The talks are bound up with the worst crisis between Russia and Ukraine since the Soviet Union collapsed and rising tensions over Saturday’s shooting down of the aircraft by pro-Russian separatists in the east, an attack on the Russian embassy in Kiev and Western charges that Russia is arming the rebels.
“Thanks to the unconstructive position of the Ukrainian government, today a prepayment system was introduced,” Alexei Miller, the chief executive of Russian state exporter Gazprom , told Prime Minister Dmitry Medvedev during a sombre meeting at a government residence at Gorki, outside Moscow.
He said Ukraine had “adopted a position that can only be called blackmail”, adding: “They wanted an ultra-low price.”
Gazprom had asked Kiev to pay almost half of a total debt which Moscow puts at more than $4 billion by Monday morning or face supply cuts and the prospect of paying up front.
Ukrainian Prime Minister Arseny Yatseniuk accused Russia of deliberately blocking a deal to cause Kiev supply problems next winter, when temperatures plunge and heating needs increase.
“But it is not about gas. It is a general Russian plan to destroy Ukraine,” Yatseniuk told a news conference in Kiev. “It is yet another step against the Ukrainian state and against Ukrainian independence.”

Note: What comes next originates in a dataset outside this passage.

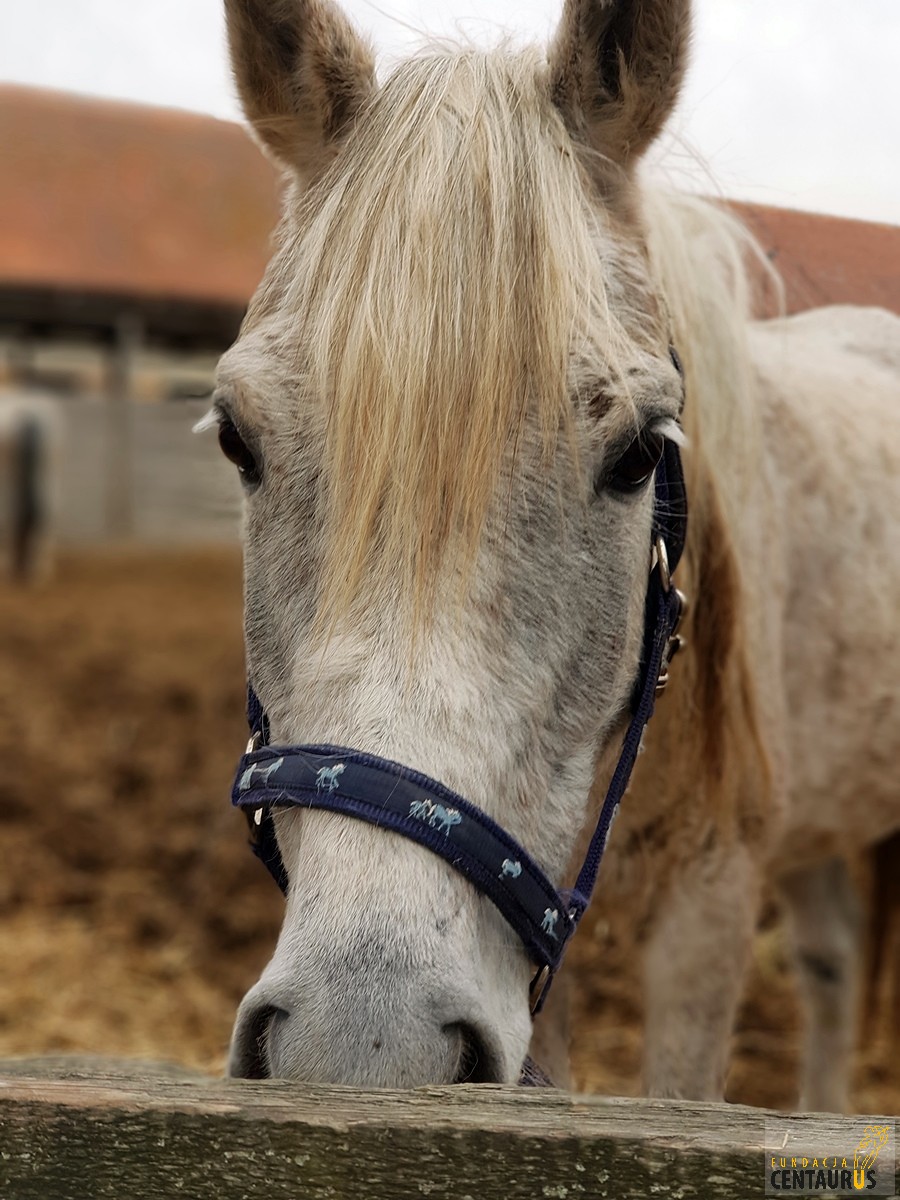 Merlin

A source at Gazprom said supplies to Ukraine had been reduced as soon as the deadline passed and Ukrainian Energy Minister Yuri Prodan said the country was receiving no gas.
Ukraine has almost 14 billion cubic metres of gas in underground storage, enough to meet its needs until December, the chief executive of state gas company Naftogaz said.
A long-term reduction of supply could hit EU consumers, which get about a third of their gas needs from Russia, around half of it through pipelines that cross Ukraine. Earlier price disputes led to the ‘gas wars’ in 2006 and 2009, and Russian accusations Ukraine stole gas destined for the rest of Europe.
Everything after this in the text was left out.